No one ventured into the area of: “Two mediators walked into a bar…”
This diversion into the subject of humor in mediation brings us to the question of “what is humor” and “how does it have anything to do with mediation?”
As you may note from the above, we are really dealing with two types, or aspects, of humor: first, the humor of mediators taking a laugh at themselves, poking fun at some of the stereotypes of their profession, enjoying “inside” jokes, such as bumper stickers—a means of finding some fun of what we do and who we are; and second where humor is injected into the stress of a mediated conflict, becomes a tool to facilitate communication, and provides the disputants with a different perspective. Let’s take a few minutes to creatively review the options in regard to the latter issue…

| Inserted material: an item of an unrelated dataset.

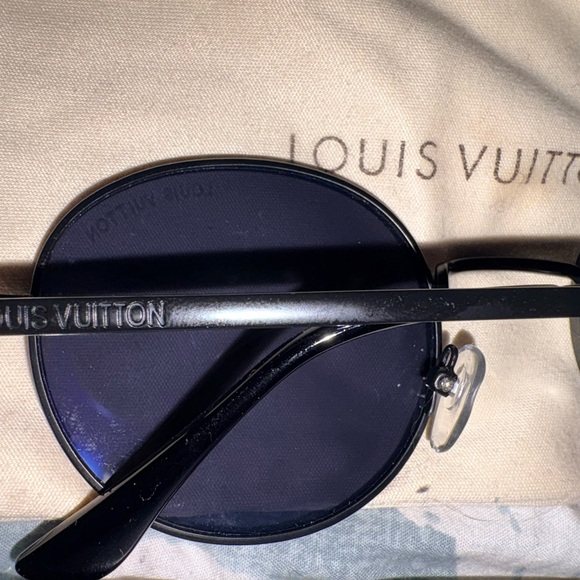 Louis Vuitton Black Round Sunglasses - Picture 5 of 15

It is well known that humor reduces stress, and helps people gain perspective over their issues. Steven M. Sultanoff, PhD, (www.humormatters.com ) says that effective humor works by leading us down one road or track and then suddenly changing direction. The change may be a form of irony, an incongruous stretch, a sudden unexpected thought that tickles a funny bone. The result may be laughter which has been proven to reduce stress by its effect on the various body systems—respiratory, muscular, cardiovascular. Laughter may cause us to move, to shake, to clap our hands, or at least to smile. He quotes Mark Twain, talking about mirth:
“Humor [Mirth] is the great thing, the saving thing, after all. The minute it crops up, all our hardnesses yield, all our irritations and resentments slip away, and a sunny spirit takes their place.”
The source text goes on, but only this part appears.